Specifies the vector of column(s) that uniquely identifies each row of the input argument "data". The argument is used to ensure deterministic results for functions which produce results that vary from run to run.
Types: character OR vector of Strings (character)

time.data.sequence.column

Optional Argument.
Specifies the vector of column(s) that uniquely identifies each row of the input argument "time.data". The argument is used to ensure deterministic results for functions which produce results that vary from run to run.
Types: character OR vector of Strings (character)

Value

Function returns an object of class "td_burst_mle" which is a named list containing object of class "tbl_teradata".
Named list member can be referenced directly with the "$" operator using the name: result.

Examples

    # Get the current context/connection
    con <- td_get_context()$connection
    
    # Load example data.
    loadExampleData("burst_example", "burst_data", "finance_data", "time_table2")

    # Create object(s) of class "tbl_teradata".
    burst_data <- tbl(con, "burst_data")
    finance_data <- tbl(con, "finance_data")
    time_table2 <- tbl(con, "time_table2")
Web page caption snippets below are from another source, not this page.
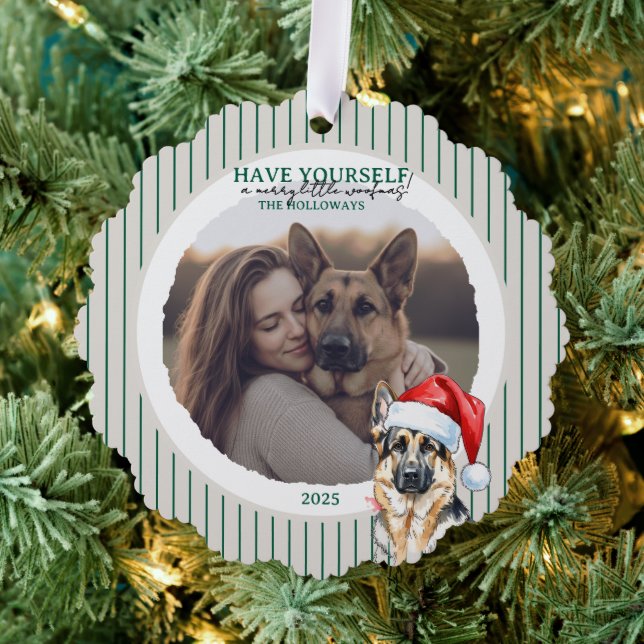 Merry Woofmas Watercolor German Shepherd Ornament Karte (Insitu (Baum))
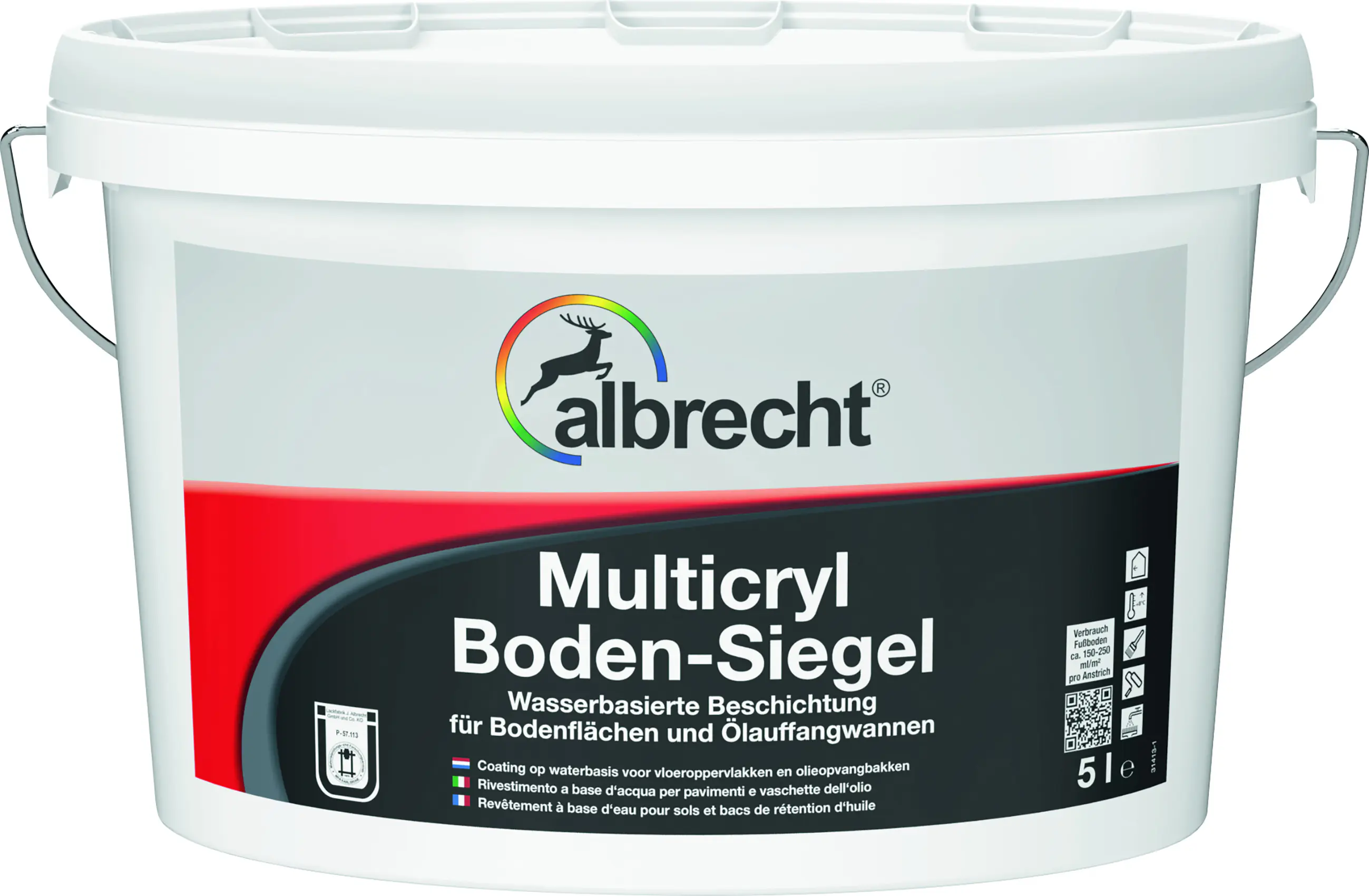 Albrecht  Multicryl Boden-Siegel Ölstopp 5 L kieselgrau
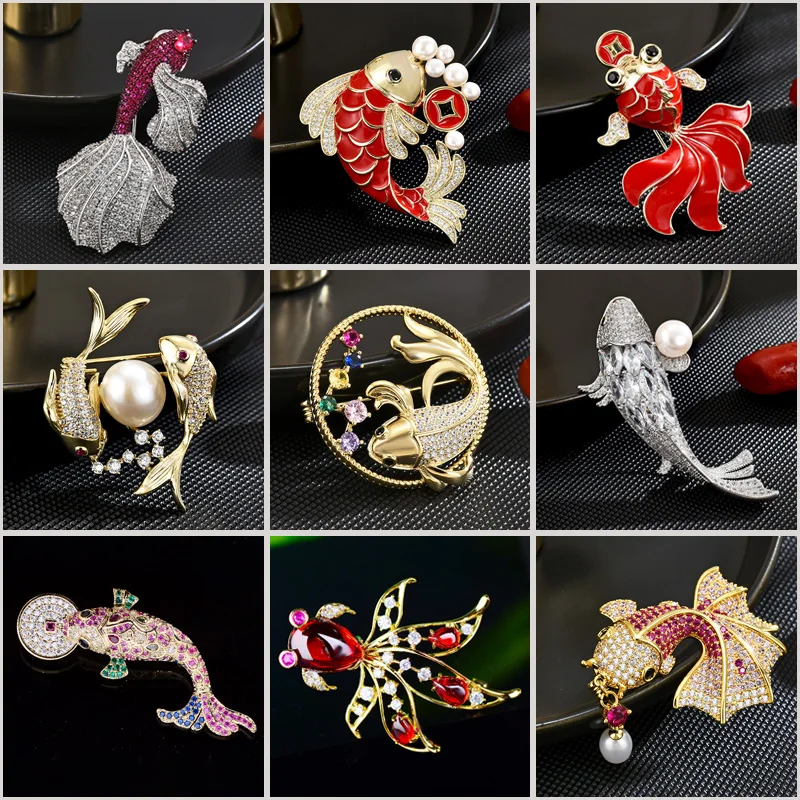 

Luxury Goldfish Ladies Brooch Elegant Corsage Fresh Water Pearl Enamel Pins Temperament Refined Good Luck Koi Accessories Gifts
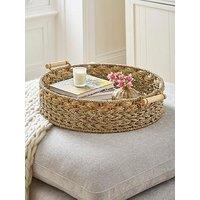 The Very Collection Large Round Seagrass Tray With Handles 50Cm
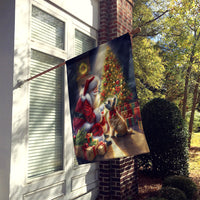 Cairn Terrier and Santa Claus House Flag
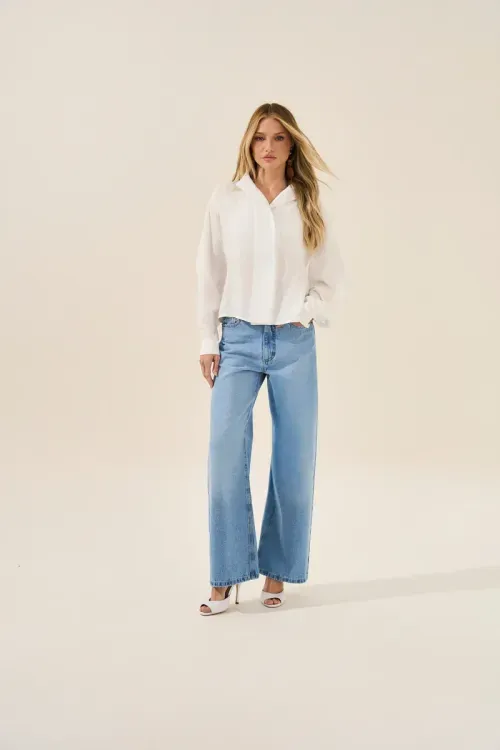 Calça Wide Leg - Jeans Medio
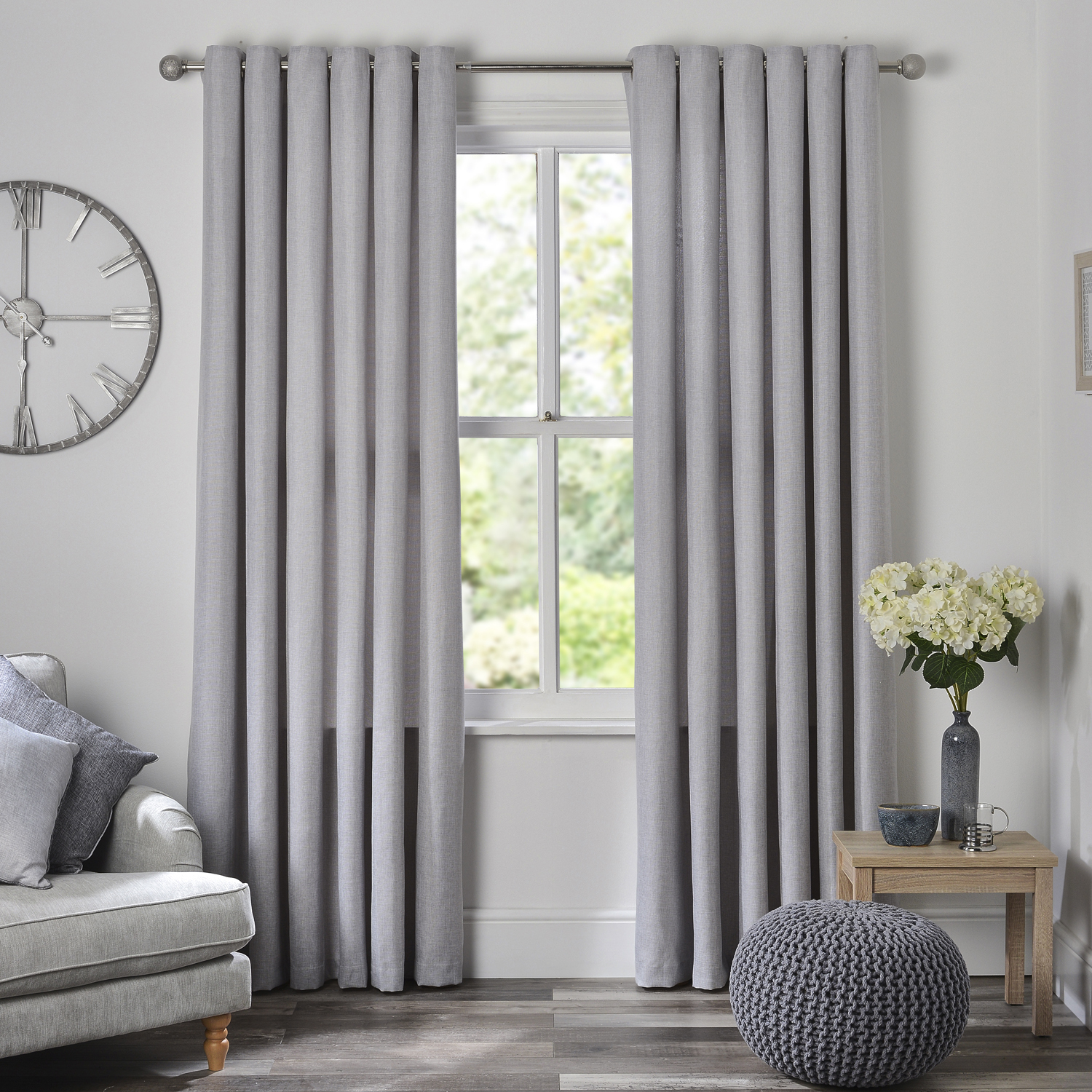 Divante Chatsworth Grey Thermal Lined Eyelet Curtains 183 x 168cm Image 1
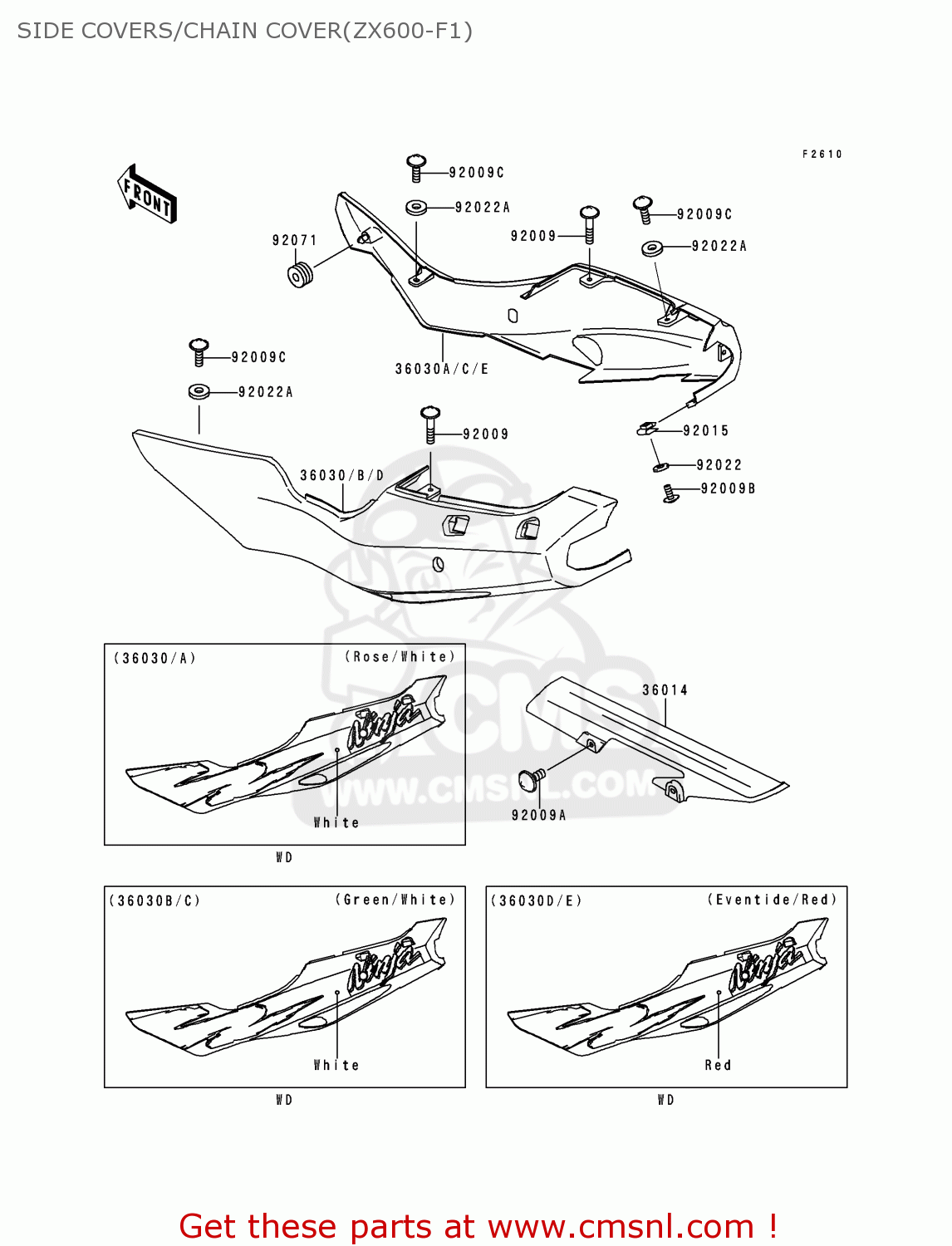 SIDE COVERS/CHAIN COVER(ZX600-F1) ZX600F1 NINJA ZX6R 1995 EUROPE UK FR NL AR FG GR IT NR SD SP ST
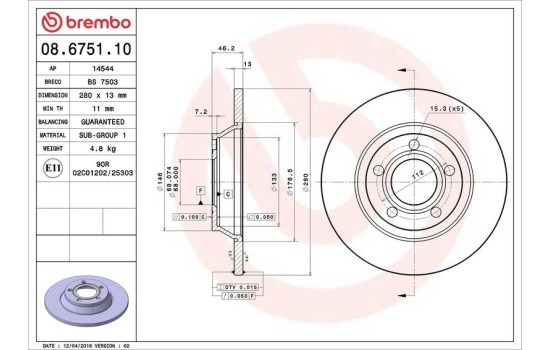 Disco de freno delantero 08.6751.10 Brembo, Imagen 4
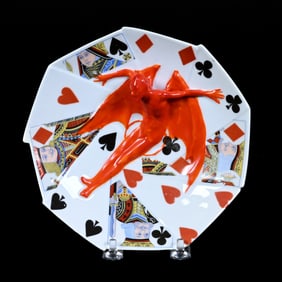 Candy Dish, Royal Bayreuth Blue Mark, Devil And Cards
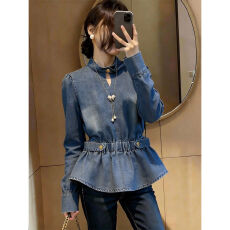 批发2026年新款水洗做旧<b class='q'>牛仔</b>收腰上衣女显瘦超火减龄韩系长袖衬衫<b class='q'>外套</b>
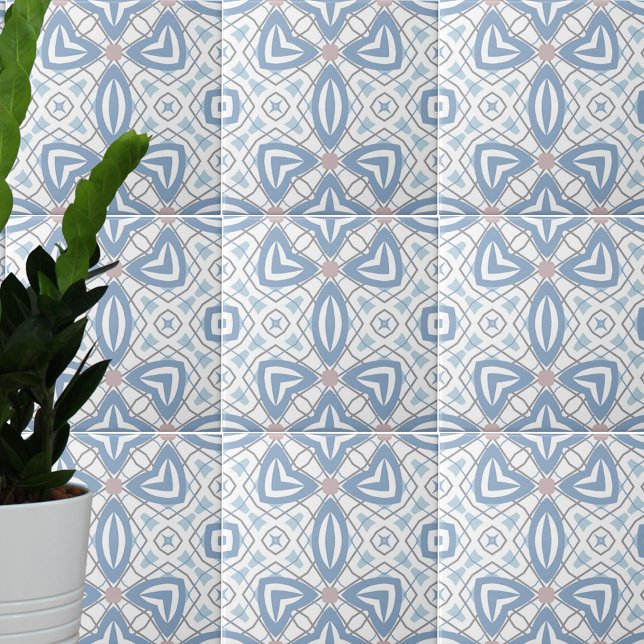 Carreau Art Op Bleu Et Blanc Abstrait Géométrique Moderne (Créateur téléchargé)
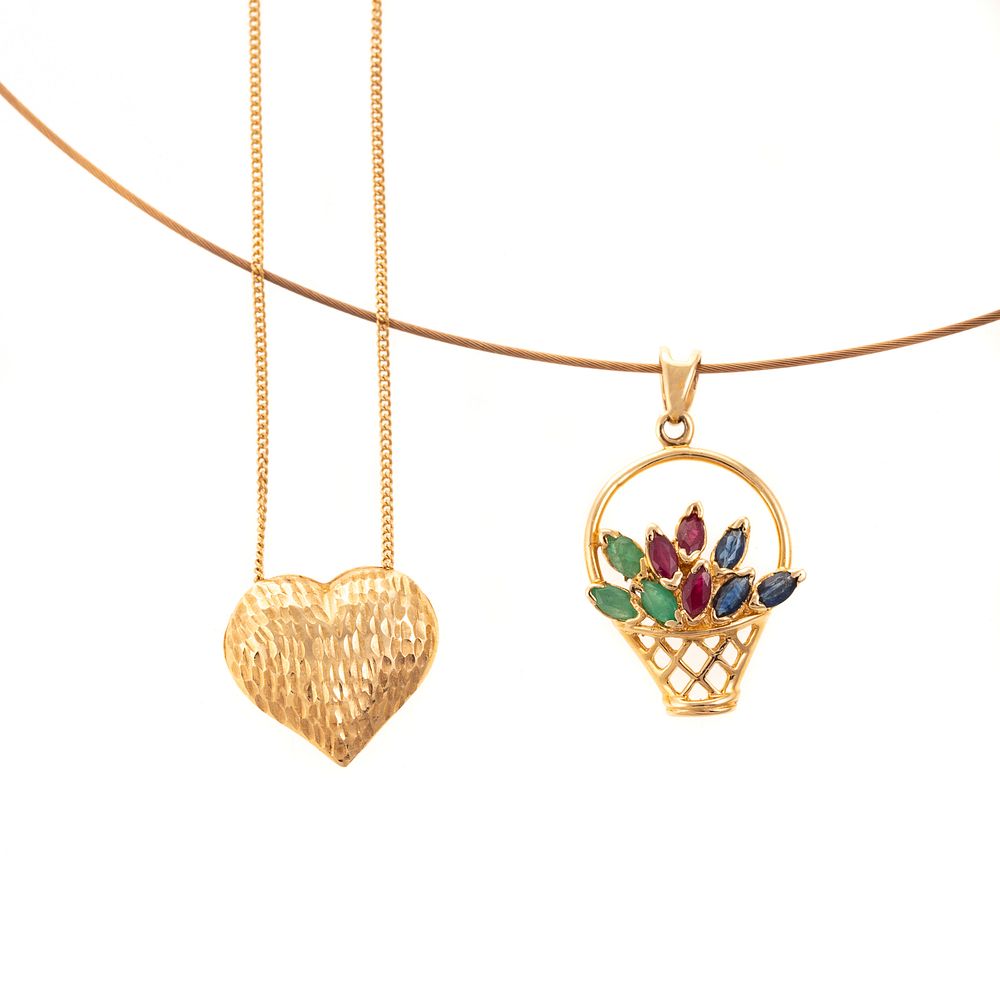 Appraisal: A Multi-Gemstone Pendant Heart Pendant in Gold K yellow gold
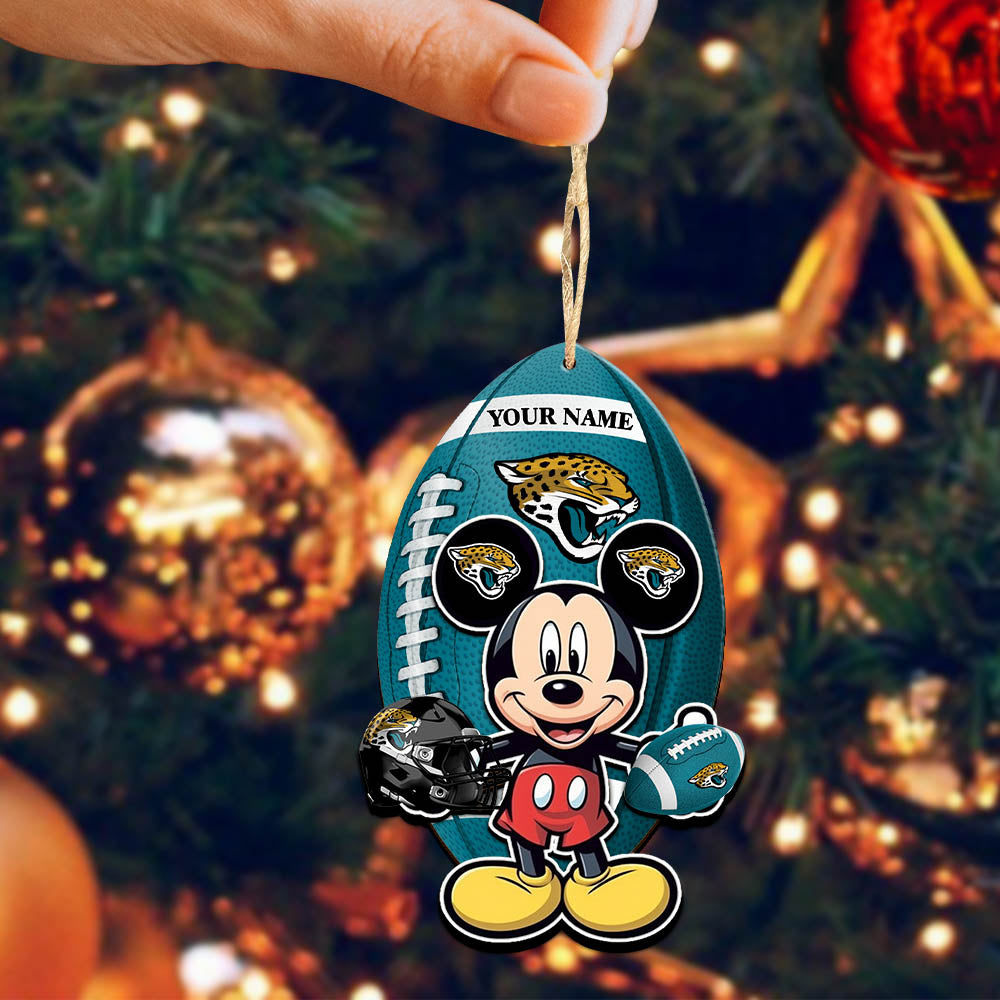 Jacksonville Jaguars 2 Layered Wooden Ornament Personalized Your Name, MK Mouse And Sport Team Ornament, Sport Gifts, Sport Decorations ETHY-52118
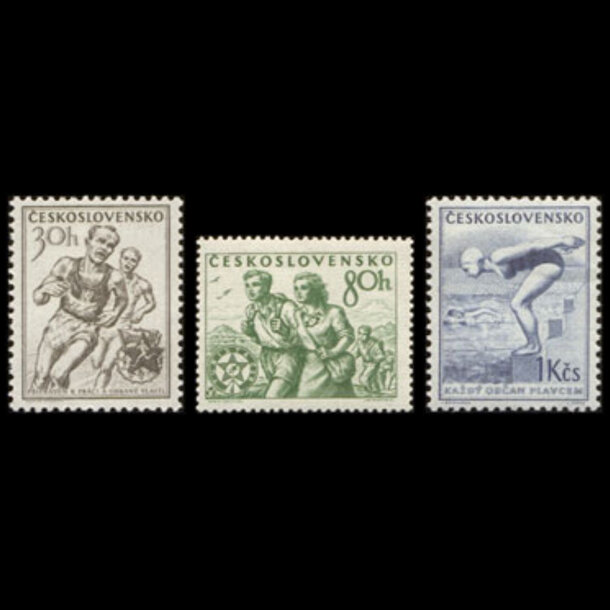 Séria známok československo 1954 - telovýchova a šport - znamky-1953-856-58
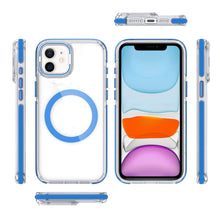 For iPhone 11 6.1 in. Case Magnetic Circle Camera Lens Stand + Tempered Glass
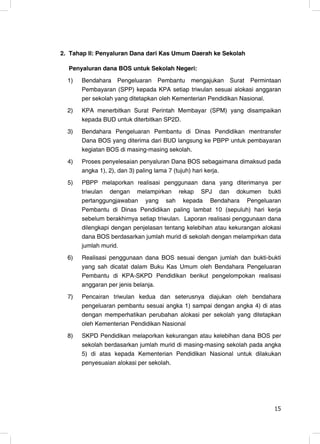 2. Tahap II: Penyaluran Dana dari Kas Umum Daerah ke Sekolah

  Penyaluran dana BOS untuk Sekolah Negeri:
  1)   Bendahara Pengeluaran Pembantu mengajukan Surat Permintaan
       Pembayaran (SPP) kepada KPA setiap triwulan sesuai alokasi anggaran
       per sekolah yang ditetapkan oleh Kementerian Pendidikan Nasional.
  2)   KPA menerbitkan Surat Perintah Membayar (SPM) yang disampaikan
       kepada BUD untuk diterbitkan SP2D.
  3)   Bendahara Pengeluaran Pembantu di Dinas Pendidikan mentransfer
       Dana BOS yang diterima dari BUD langsung ke PBPP untuk pembayaran
       kegiatan BOS di masing-masing sekolah.
  4)   Proses penyelesaian penyaluran Dana BOS sebagaimana dimaksud pada
       angka 1), 2), dan 3) paling lama 7 (tujuh) hari kerja.
  5)   PBPP melaporkan realisasi penggunaan dana yang diterimanya per
       triwulan dengan melampirkan rekap SPJ dan dokumen bukti
       pertanggungjawaban yang sah kepada Bendahara Pengeluaran
       Pembantu di Dinas Pendidikan paling lambat 10 (sepuluh) hari kerja
       sebelum berakhirnya setiap triwulan. Laporan realisasi penggunaan dana
       dilengkapi dengan penjelasan tentang kelebihan atau kekurangan alokasi
       dana BOS berdasarkan jumlah murid di sekolah dengan melampirkan data
       jumlah murid.
  6)   Realisasi penggunaan dana BOS sesuai dengan jumlah dan bukti-bukti
       yang sah dicatat dalam Buku Kas Umum oleh Bendahara Pengeluaran
       Pembantu di KPA-SKPD Pendidikan berikut pengelompokan realisasi
       anggaran per jenis belanja.
  7)   Pencairan triwulan kedua dan seterusnya diajukan oleh bendahara
       pengeluaran pembantu sesuai angka 1) sampai dengan angka 4) di atas
       dengan memperhatikan perubahan alokasi per sekolah yang ditetapkan
       oleh Kementerian Pendidikan Nasional
  8)   SKPD Pendidikan melaporkan kekurangan atau kelebihan dana BOS per
       sekolah berdasarkan jumlah murid di masing-masing sekolah pada angka
       5) di atas kepada Kementerian Pendidikan Nasional untuk dilakukan
       penyesuaian alokasi per sekolah.




                                                                          15
                                                                          15
 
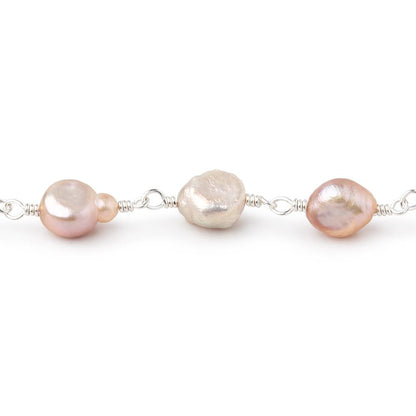 6x5-8x6mm Rose Pink Baroque Pearls on Silver Plated Chain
    # Example 1: Use "time.interval" argument to burst the data for
    # a duration of 1 day (86400 seconds).
    td_burst_out1 <- td_burst_mle(data = burst_data,
                                  data.partition.column = c("id"),
                                  data.order.column = "id",
                                  time.column = c("start_time_column", "end_time_column"),
                                  value.columns = c("num_custs"),
                                  time.interval = 86400,
                                  start.time = "08/01/2010",
                                  end.time = "08/10/2010",
                                  split.criteria = "nosplit",
                                  accumulate = c("id")
                                  )

    # Example 2: "split.criteria" = proportional.
    td_burst_out2 <- td_burst_mle(data = burst_data,
                                  data.partition.column = c("id"),
                                  data.order.column = "id",
                                  time.column = c("start_time_column", "end_time_column"),
                                  value.columns = c("num_custs"),
                                  time.interval = 86400,
                                  start.time = "08/01/2010",
                                  end.time = "08/10/2010",
                                  split.criteria = "proportional",
                                  accumulate = c("id")
                                  )

    # Example 3: "split.criteria" = gaussian.
    td_burst_out3 <- td_burst_mle(data = burst_data,
                                  data.partition.column = c("id"),
                                  data.order.column = "id",
                                  time.column = c("start_time_column", "end_time_column"),
                                  value.columns = c("num_custs"),
                                  time.interval = 86400,
                                  start.time = "08/01/2010",
                                  end.time = "08/10/2010",
                                  split.criteria = "gaussian",
                                  accumulate = c("id")
                                  )

    # Example 4: uses a "time.data" argument, "values.before.first" and "values.after.last".
    # The "time.data" option allows the use of different time intervals and partitions the 
    # data accordingly.
    td_burst_out4 <- td_burst_mle(data = finance_data,
                                  data.partition.column = c("id"),
                                  data.order.column = "id",
                                  time.data = time_table2,
                                  time.data.partition.column = c("id"),
                                  time.data.order.column = "burst_start",
                                  time.column = c("start_time_column", "end_time_column"),
                                  value.columns = c("expenditure", "income", "investment"),
                                  start.time = "06/30/1967",
                                  end.time = "07/10/1967",
                                  values.before.first = c("NULL","NULL","NULL"),
                                  values.after.last = c("NULL","NULL","NULL"),
                                  accumulate = c("id")
                                  )